There comes a point when one has to throw up one's hands and declare, "I just don't get it". And here's me, and here's director Asif Kapadia, and I just don't get it. His widely-celebrated 2010 documentary Senna was on a subject that I hold personally dear - Formula 1 racing - and I could barely scrounge up any interest. His new film, Amy, is even more celebrated, and now that the subject is one I'm not attached to at all - the life and decline and tragic, drawn-out, heavily foreshadowed death of Amy Winehouse - I'm disengaged from it entirely. It exists. It uses editing techniques effectively. I think it is fair to describe it as a "movie".

It's also tawdry as a motherfucker, deciding right from the onset that the really important thing about Winehouse was how she died at a disturbingly young age due to the effects of non-stop drug use. It is the perfect documentary for an age of leering, intrusive celebrity culture, and enthusiastic, gossipy prurience masquerading behind a sad-faced mask of "oh how tragic". Watching it made me feel like I'd been covered in a light misting of sewage, without even digging into the issue noted by Glenn Dunks, my colleague at the Film Experience, that this is a posthumous violation of Winehouse's privacy that she would have certainly resented.

So anyway, we have here a film that is fixated on its gloomy endpoint, and allows that to overshadow absolutely every little moment that it depicts. So that's problem #1. Problem #2 is that Kapadia's aesthetic, here as in Senna, is something of a fake-out: he famously uses only stock footage, resulting in films that are a combination of montage and archive, with new audio recordings layered over them. Structurally, it's still just a talking-heads documentary, it just happens to lack actual talking heads. Innovative it's not, and the combination of footage and sound is frequently arbitrary, like he's so committed to the "only stock footage" game that he just wants to find anything that's not images of his subjects talking. It probably doesn't help matters that I saw Amy literally within hours of watching Esfir Shub's rhetorically masterful The Fall of the Romanov Dynasty from 1927, the film that invented and then perfected the genre of documentaries constructed entirely from archival footage. These unfortunate coincidences sometimes just happen.

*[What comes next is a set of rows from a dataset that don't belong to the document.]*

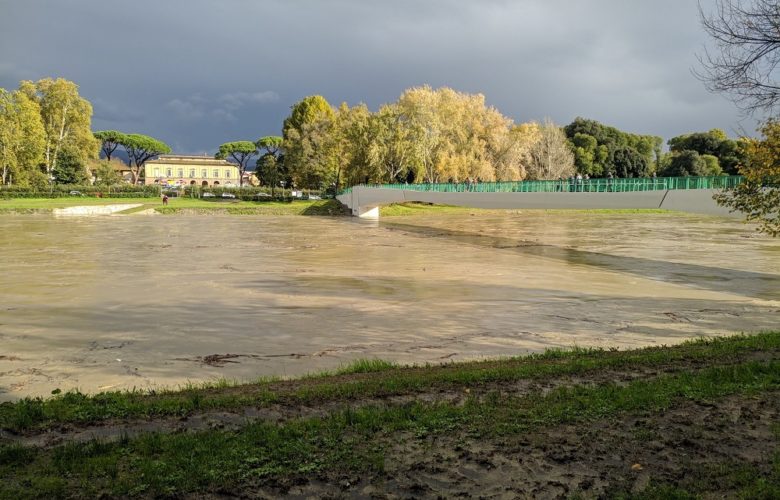 arno in piena isolotto cascine argingrosso (2)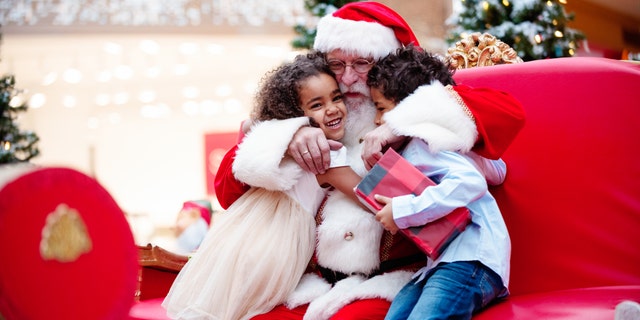 The initiative helps to create a calmer environment for children with autism or sensory issues visiting Santa.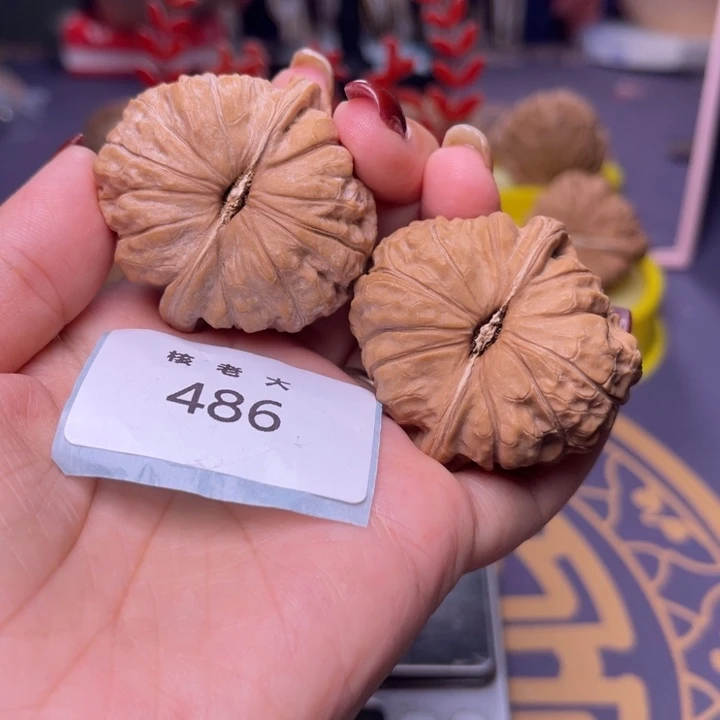 文玩核桃把件南瓜43.486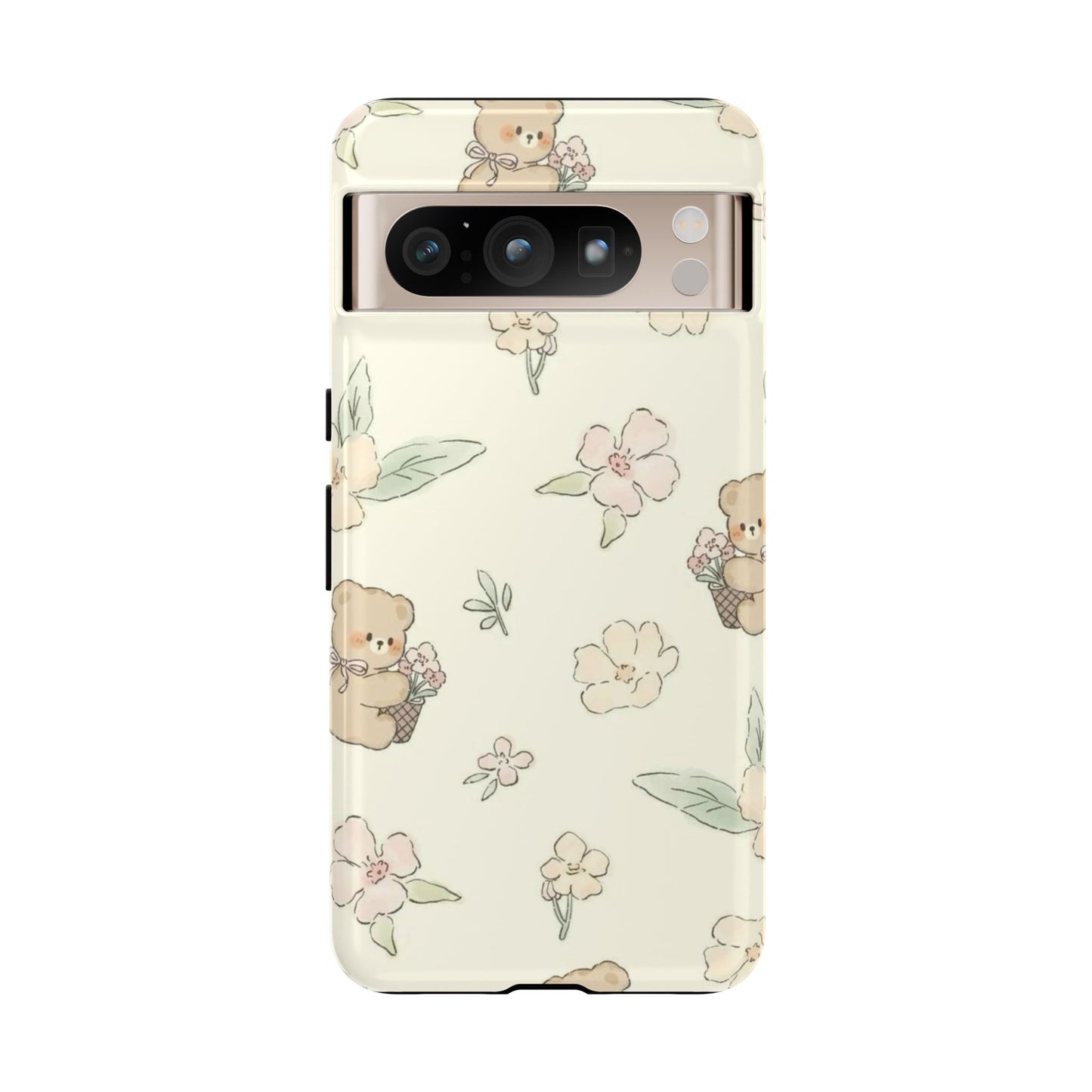 Floral Teddy Case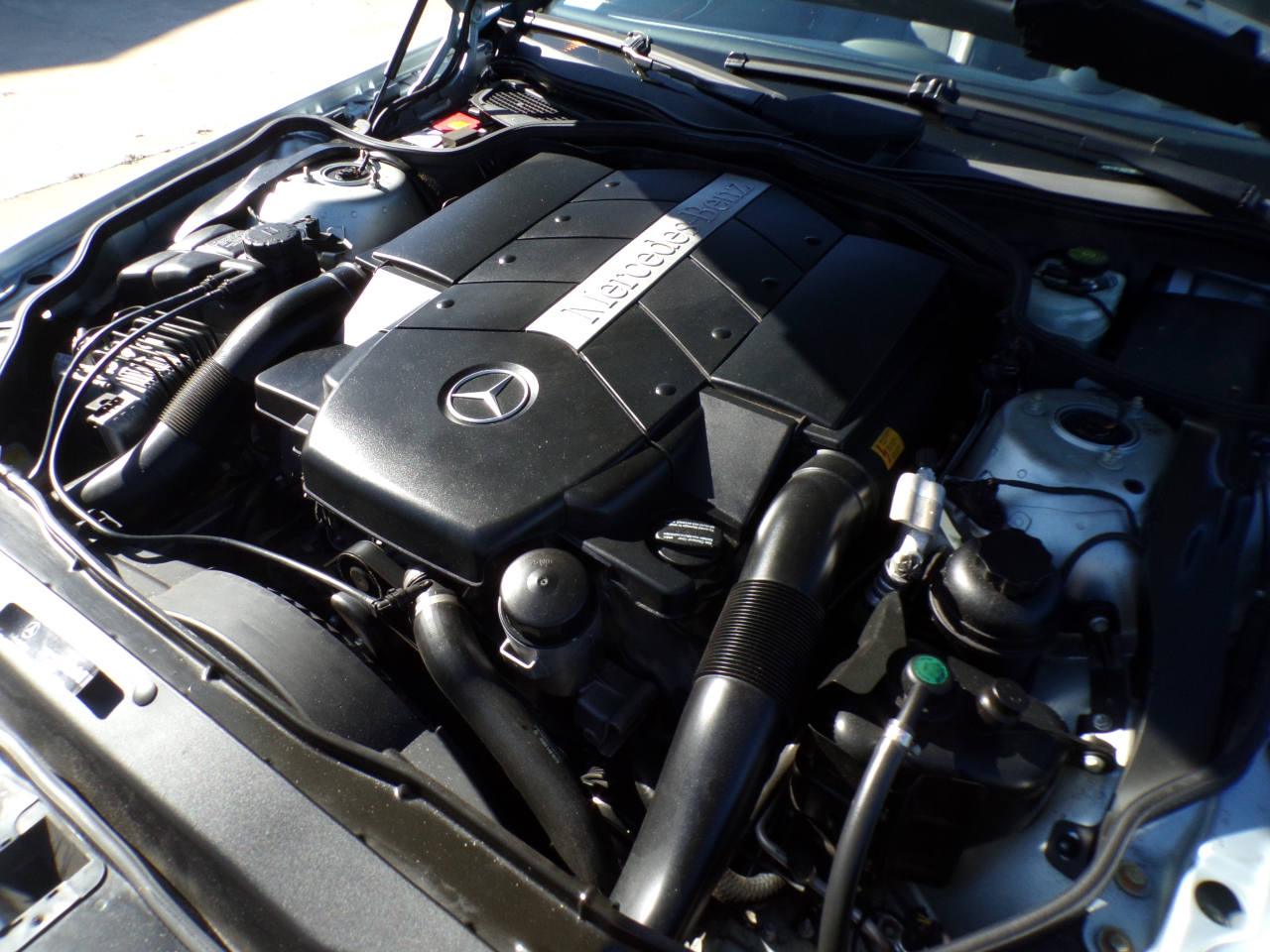 Mercedes-Benz SL-Class 2dr Roadster 5.0L 2003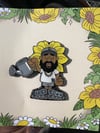 Flower Man Pin
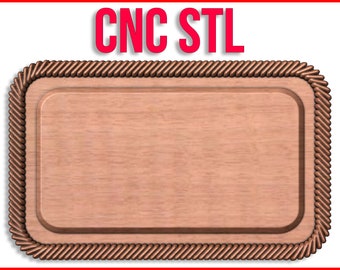 CNC Sign Plaque Badge Shield Panel pattern 3D design for your CNC router / stl file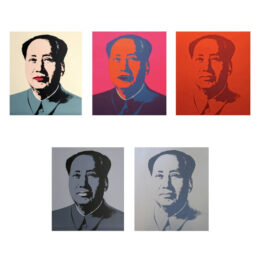 Andy Warhol – Mao by Sunday b. morning at Dovehouse Contemporary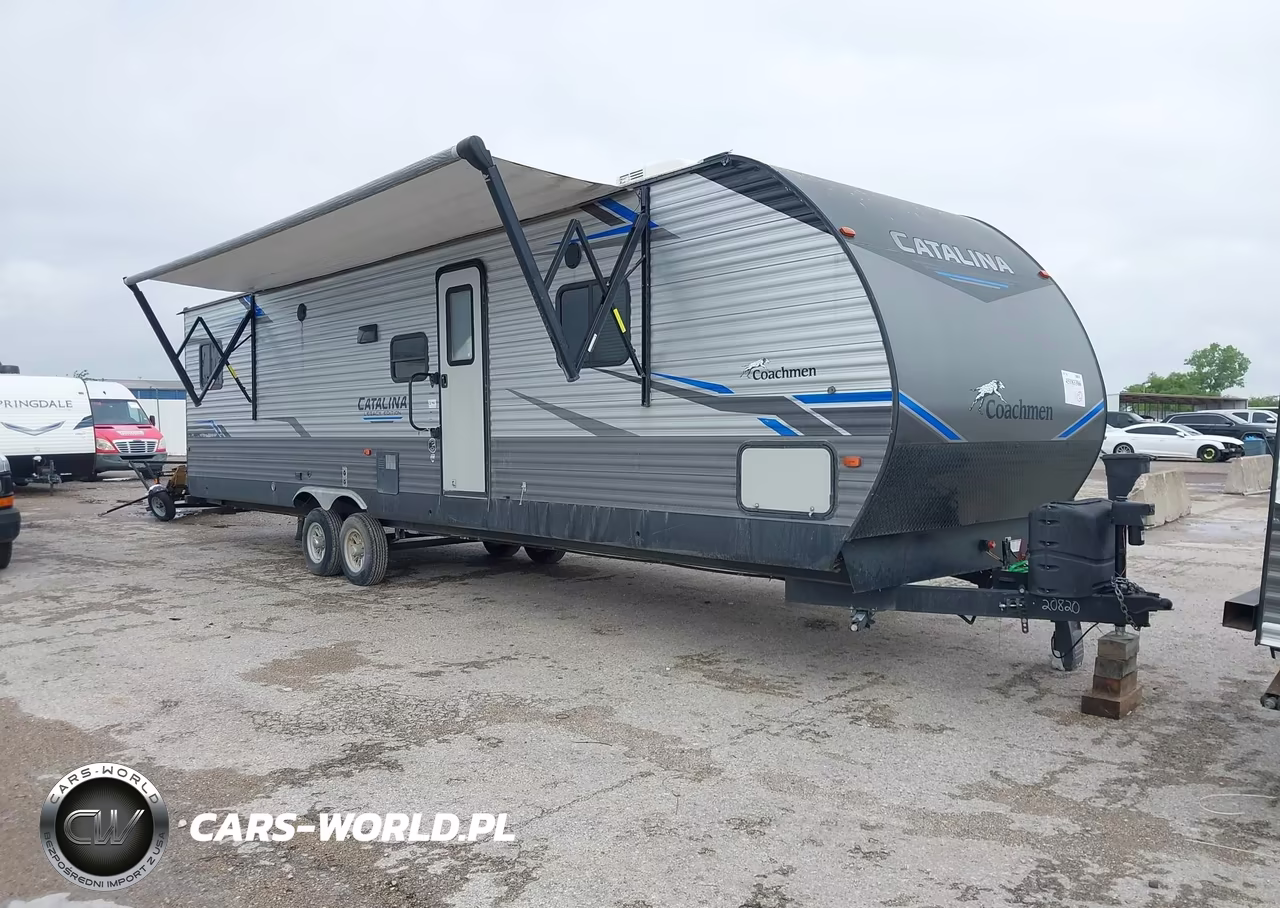 2021 Forest River Catalina M-343 Bhts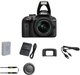 Nikon D3400/D3500 DSLR Camera with 18-55mm &amp; Great Value Kit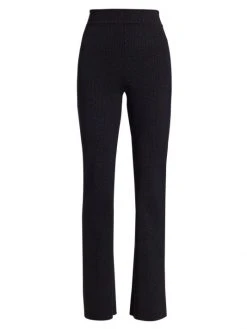 Chiara Boni La Petite Robe Poppy Embellished Pants Sunny Stripes Sand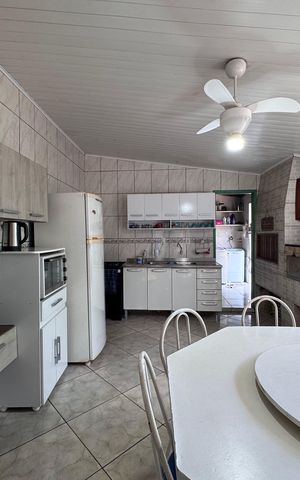 Casa à venda com 110m², 3 quartos e 2 vagasCozinha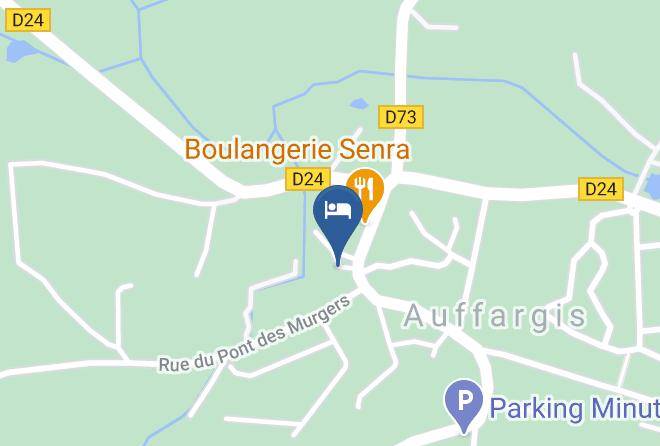 Yvelines - Les Chambres Du Fargis Maps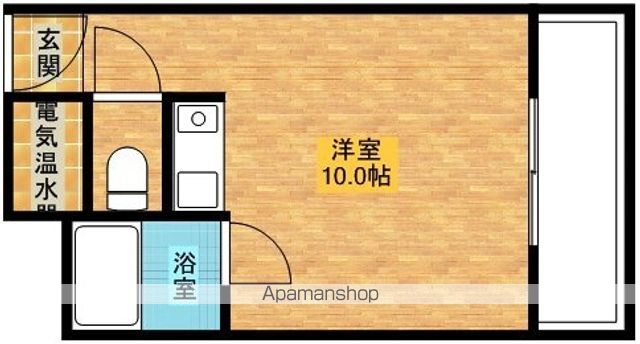 朝日プラザ新大阪の間取り写真
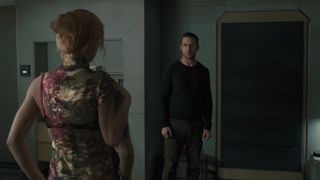 Mackenzie Davis - Blade Runner 2049 (2017) Nude vid scene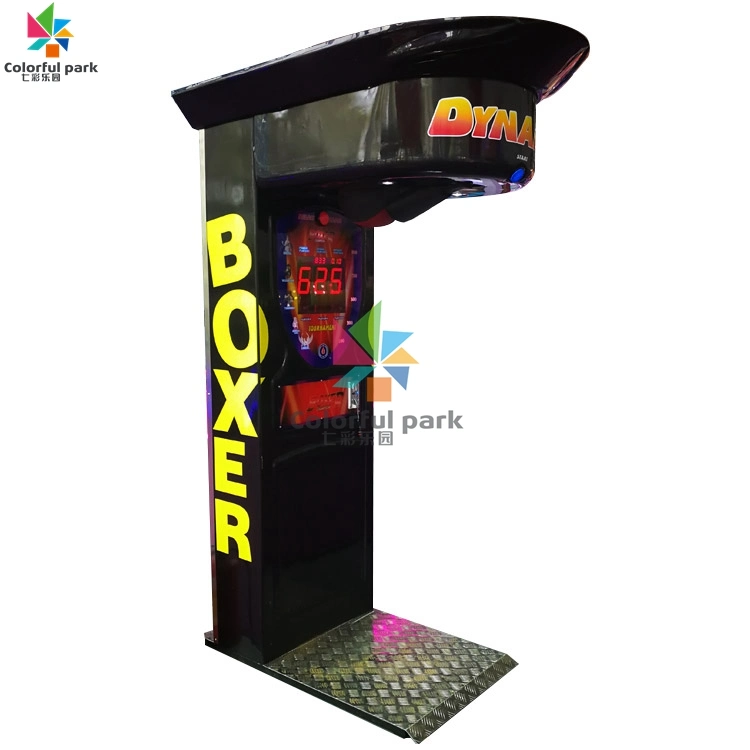 Low Price Sport/Indoor/Ticket/Game Zone/Coin Operated/Shooting/Arcade/Arcade/Aarcade Game/Boxing Game Machine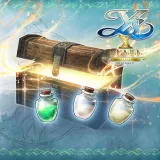 Ys X: Proud Nordics Basic Potion Set (Chinese/Korean Ver.)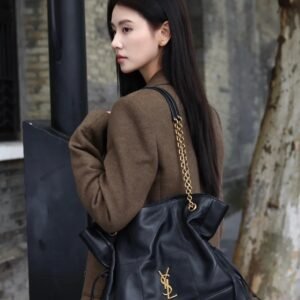 YSL New Jamie 4.3 POCHON Bucket Bag Premium Edition Size: 27x34x3cm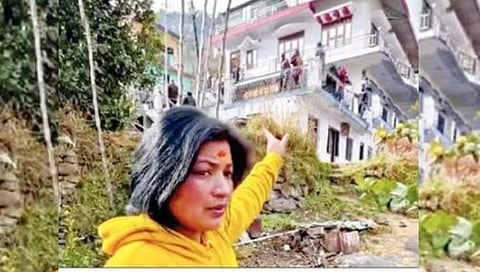 Joshimath : तीन कोटींच्या बंगल्यातील कुटुंब आता अवघ्या दोन सरकारी खोल्यांमध्ये!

The good news about Amy, since it has to have some, is that the footage Kapadia and editor Chris King have assembled for our delectation is generally interesting, and frequently astonishing and insightful. Particularly in the early going, when we're still seeing Winehouse in the early, uncertain part of her career. The raw force of her musical performances, even in the most casual, crude settings, is captivating, even with the distracting, thoroughly unnecessary addition of onscreen lyrics. Amy makes the argument for Winehouse as an inherently powerful, magnetic performer extremely well, though arguably through no fault of its own. Its overriding need to also make her out to be a broken down tragic figure goes much worse for it, however, and the film is much more of a tasteless eulogy than a legitimate tribute.